How would Brown/Cohen/Teyssier finance public goods?

Bruce Cohen wrote:

> I can still live here in my wheelchair, but I can't sell or borrow
against the place because of the liens and the net value keeps going
down because City Hall keeps building Schools, Parks, Libraries and
Police Stations.

No, public goods tend to make the property value go up, not down. And if
the property value goes down, the ground rent goes down, and indeed may
disappear altogether. (Remember, ground rent is just the _excess_ value
of the site compared to similarly-productive land that does not benefit
from proximity to public goods.)

But yes, you cannot reap any windfall that might come from public goods
created by the surrounding community while you hold your land. Instead,
you have to be content with the natural productivity it had when you
first acquired it, plus all the improvements and production derived from
the labor you put into it.


Again, quoting from my first message this week:

"LVT retrieves the extra land value created by public services —
streets, pipes, levees, police, parks. This creates pressure to defund
public services that do not actually add value in the free market for land.
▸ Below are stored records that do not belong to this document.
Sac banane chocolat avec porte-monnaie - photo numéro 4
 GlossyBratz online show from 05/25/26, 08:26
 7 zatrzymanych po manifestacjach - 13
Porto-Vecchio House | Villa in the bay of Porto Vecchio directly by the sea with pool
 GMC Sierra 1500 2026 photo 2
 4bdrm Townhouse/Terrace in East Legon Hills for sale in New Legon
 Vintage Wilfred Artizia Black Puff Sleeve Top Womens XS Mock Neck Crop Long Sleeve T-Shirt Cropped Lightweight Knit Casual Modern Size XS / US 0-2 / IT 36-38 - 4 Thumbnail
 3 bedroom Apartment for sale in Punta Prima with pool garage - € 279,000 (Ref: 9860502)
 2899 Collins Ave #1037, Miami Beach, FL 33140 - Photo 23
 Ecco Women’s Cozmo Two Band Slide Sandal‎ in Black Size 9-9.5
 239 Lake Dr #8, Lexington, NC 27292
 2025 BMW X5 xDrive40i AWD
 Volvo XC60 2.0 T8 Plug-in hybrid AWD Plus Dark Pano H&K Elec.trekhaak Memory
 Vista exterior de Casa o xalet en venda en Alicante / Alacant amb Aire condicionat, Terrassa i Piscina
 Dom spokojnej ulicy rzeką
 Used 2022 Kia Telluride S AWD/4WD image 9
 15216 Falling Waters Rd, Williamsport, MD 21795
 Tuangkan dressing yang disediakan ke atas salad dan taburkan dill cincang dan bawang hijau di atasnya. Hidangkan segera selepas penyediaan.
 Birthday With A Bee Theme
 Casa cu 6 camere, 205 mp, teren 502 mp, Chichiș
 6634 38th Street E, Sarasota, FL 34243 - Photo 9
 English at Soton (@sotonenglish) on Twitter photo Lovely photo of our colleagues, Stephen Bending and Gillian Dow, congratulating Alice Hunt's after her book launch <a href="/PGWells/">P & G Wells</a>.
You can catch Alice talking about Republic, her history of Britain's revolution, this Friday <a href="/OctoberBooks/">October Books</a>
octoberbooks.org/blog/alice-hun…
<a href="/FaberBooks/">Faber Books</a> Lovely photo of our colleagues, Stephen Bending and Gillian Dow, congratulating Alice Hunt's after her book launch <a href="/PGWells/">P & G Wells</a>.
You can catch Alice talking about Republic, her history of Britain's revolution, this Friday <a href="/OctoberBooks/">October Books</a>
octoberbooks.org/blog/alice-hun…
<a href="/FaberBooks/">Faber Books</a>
LVT turns out to closely model how consensual private communities tend
to govern themselves. Malls, business parks, hotels, condominiums,
homeowners associations — all tend to 'tax' their tenants not according
to profits or revenues or inventory or improvements, but mostly by site
value (for which square footage is often a good proxy).

LVT imposes a built-in ceiling on government revenue. Critics of land
value taxation claim it wouldn't raise enough revenue because ground
rent is allegedly only a small fraction of GDP. That sounds like a good
thing to me. If government revenue is restricted by definition to ground
rent and fees for polluting/congesting/depleting the commons, then
government cannot be nearly as big as when it is allowed to tax labor,
production, exchanges, and all resulting products. Once you have
taxation of people's labor and exchanges and produced assets, there is
no limit to what the government can take from you. "

P.S. You call geolibertarians "commies" because they want to finance
public goods -- courts, police, border defense, streets, flood control,
fire hydrants -- out of the unearned increases in land value that those
goods create. So if you're not an anarchist, please tell us what
non-commie way you propose to pay for such public goods. Do you (like
Pam) favor some kind of tax on one's body or labor or exchanges or
produced assets?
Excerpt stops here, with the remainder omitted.